A Binghamton physicist has received nearly $400,000 in grants to investigate optical properties of new materials.
Oana Malis, an assistant professor in the Department of Physics, Applied Physics and Astronomy, won a three-year, $300,000 grant from the National Science Foundation as well as a Cottrell College Science Award of $44,244 from the Research Corporation and about $42,000 in funding through the University’s Integrated Electronics Engineering Center.
Malis, who’s also associated with the Materials Science and Engineering Program, is particularly interested in the optical properties of gallium nitride, a compound semiconductor material. “I’m looking for new materials that would allow us to generate light in ranges that are not currently accessible,” she said.
What does that mean? Think of a laser pointer. That’s a visible laser. “Technologically there’s interest in creating lasers that work at any wavelength,” Malis explained. “Why? Because these lasers could be used for sensing, to detect environmental conditions in a building, let’s say. There are defense applications as well.”
Malis is looking for new materials that would allow her to create lasers in the mid-infrared range, and nitrides could be the answer. Their optical and electronic properties are not well understood, in part because they’re difficult to make.

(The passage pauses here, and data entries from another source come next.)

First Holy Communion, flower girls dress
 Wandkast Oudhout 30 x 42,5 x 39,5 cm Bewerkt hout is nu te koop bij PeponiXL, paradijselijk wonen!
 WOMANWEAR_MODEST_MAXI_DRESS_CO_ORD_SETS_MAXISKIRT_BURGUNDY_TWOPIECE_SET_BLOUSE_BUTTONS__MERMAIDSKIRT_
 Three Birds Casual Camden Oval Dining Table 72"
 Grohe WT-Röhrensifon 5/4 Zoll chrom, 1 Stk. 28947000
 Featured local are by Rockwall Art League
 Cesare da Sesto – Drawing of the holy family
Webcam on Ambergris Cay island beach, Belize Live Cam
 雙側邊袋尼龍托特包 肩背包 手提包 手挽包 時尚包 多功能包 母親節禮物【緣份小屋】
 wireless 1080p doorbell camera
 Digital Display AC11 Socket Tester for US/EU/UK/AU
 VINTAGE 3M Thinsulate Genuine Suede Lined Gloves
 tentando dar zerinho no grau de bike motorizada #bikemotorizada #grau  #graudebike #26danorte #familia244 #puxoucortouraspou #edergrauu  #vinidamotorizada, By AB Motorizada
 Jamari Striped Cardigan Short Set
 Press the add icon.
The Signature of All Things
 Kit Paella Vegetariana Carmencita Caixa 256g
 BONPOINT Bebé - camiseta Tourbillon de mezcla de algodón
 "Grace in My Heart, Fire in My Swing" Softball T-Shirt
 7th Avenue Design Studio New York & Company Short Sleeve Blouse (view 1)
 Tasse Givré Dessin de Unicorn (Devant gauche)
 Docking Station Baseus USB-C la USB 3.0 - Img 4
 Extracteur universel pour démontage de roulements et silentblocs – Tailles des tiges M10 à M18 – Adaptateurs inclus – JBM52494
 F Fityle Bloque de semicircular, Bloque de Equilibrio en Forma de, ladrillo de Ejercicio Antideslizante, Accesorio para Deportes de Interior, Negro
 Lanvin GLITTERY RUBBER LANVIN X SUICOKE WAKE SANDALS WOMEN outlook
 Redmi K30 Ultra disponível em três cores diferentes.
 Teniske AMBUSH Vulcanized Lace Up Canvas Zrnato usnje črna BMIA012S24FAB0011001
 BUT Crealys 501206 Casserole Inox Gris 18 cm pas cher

The devices in question are incredibly small, less than a millimeter square. The material is like a sandwich of very thin layers, each about a nanometer or two thick. These hundreds or even thousands of layers give nitrides an interesting electronic structure and allow them to emit or absorb light in particular ranges.
“This is an ambitious project,” Malis said. “It’s really the first few steps of the process. Getting to the device level, to an actual laser you can hold in your hand, is a little harder.”
She’s especially excited about this project because it will give undergraduate and graduate students experience in applied physics, including materials, advanced techniques such as electron microscopy and making devices and in theoretical modeling.
“Dr. Malis is a very promising faculty member in physics, and her research efforts could lead to exciting new developments in laser and sensor technology,” said Gerald Sonnenfeld, vice president for research. “Binghamton University congratulates her on her grant awards and wishes both Dr. Malis and her students, who will play a major role in the project, great success.”
Malis said she found “a bit of a disconnect” between what she learned in school and what she needed to know in the real world.
“I feel it’s important to involve students in applied research,” she said. “Physics students sometimes believe that physics is only about the cosmological level or broad strokes. In the end, physics is an experimental science. It has to do with reality, with the world around us.” Malis said she tries to encourage her students to think freely and creatively and see that research is more than just following a certain procedure. “I’m really interested in making things that work,” she said, “in understanding things that will make people’s lives better and will have a technological impact.”